Task to complete
For the data below, give again exactly the lines from the one containing "2025年1月10日早春新品入荷ルイヴィトン 半袖 Tシャツ FF工場" through the one containing "Pre Owned Celine", both ends included, and no others.

====== Excerpted records ======

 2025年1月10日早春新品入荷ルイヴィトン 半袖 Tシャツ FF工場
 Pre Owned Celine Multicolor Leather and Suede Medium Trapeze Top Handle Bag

======
====== Excerpted records ======

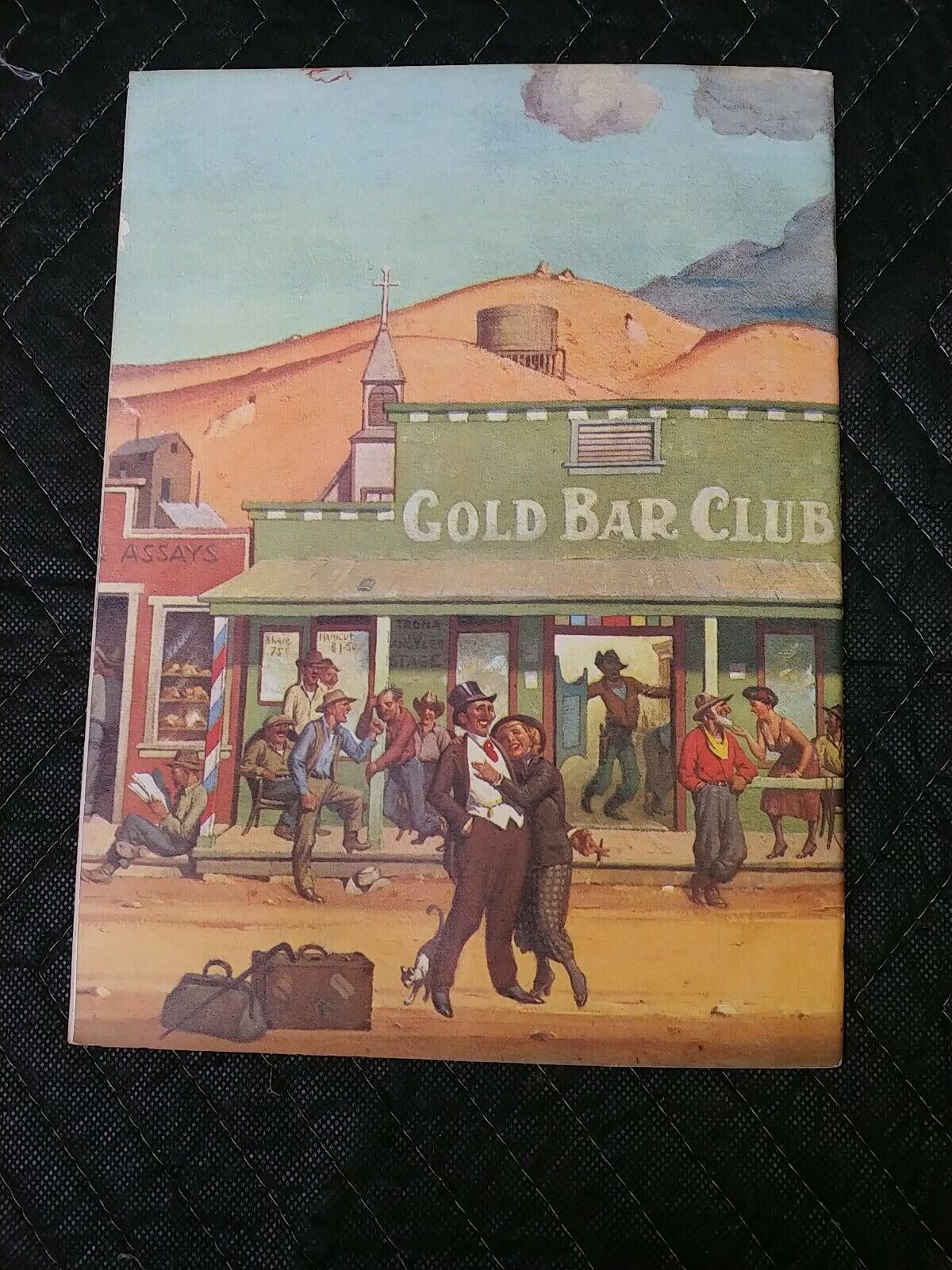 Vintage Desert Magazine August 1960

======
====== Excerpted records ======

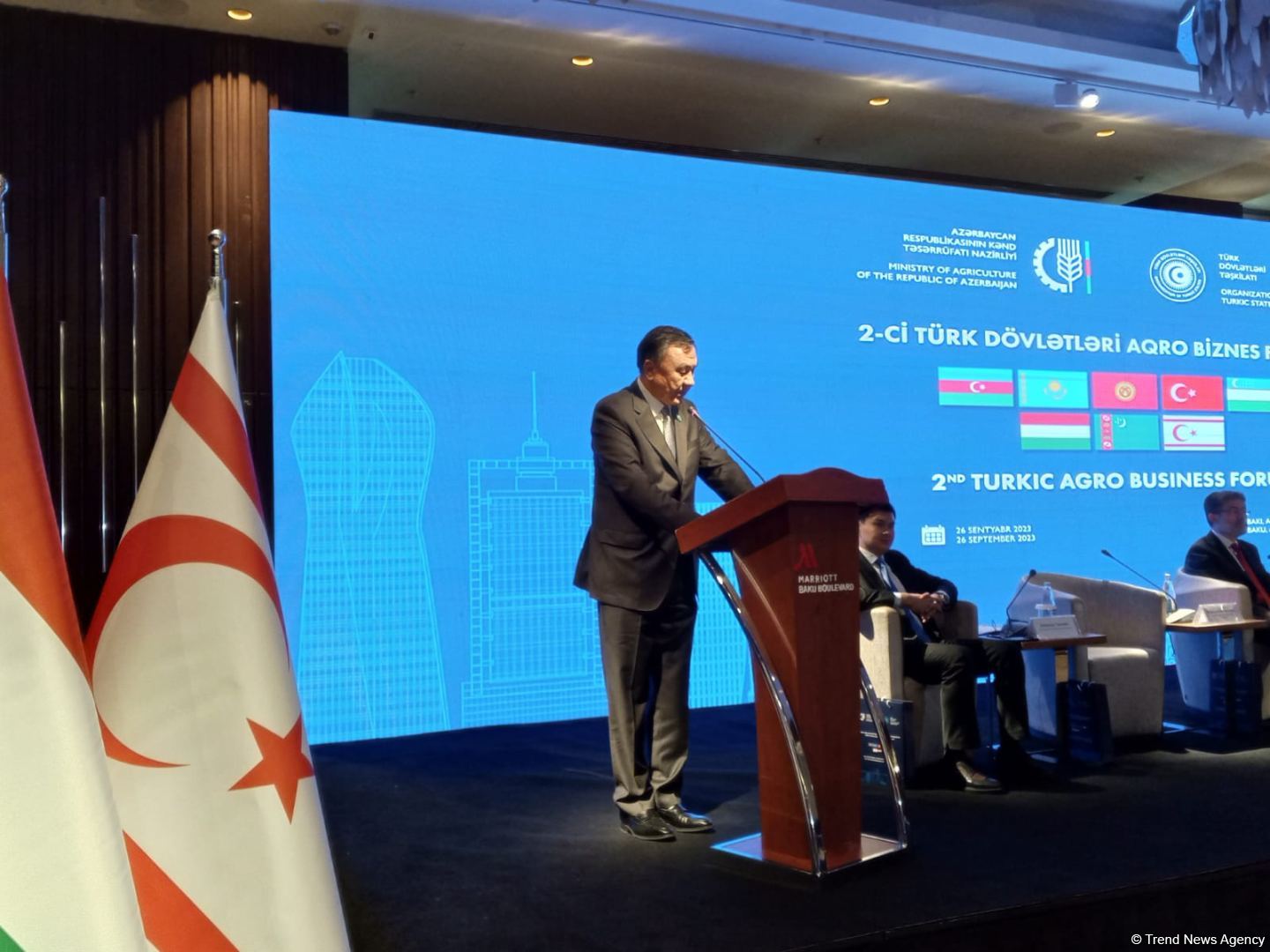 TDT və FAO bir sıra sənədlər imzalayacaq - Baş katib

======

Expected answer
 2025年1月10日早春新品入荷ルイヴィトン 半袖 Tシャツ FF工場
 Pre Owned Celine Multicolor Leather and Suede Medium Trapeze Top Handle Bag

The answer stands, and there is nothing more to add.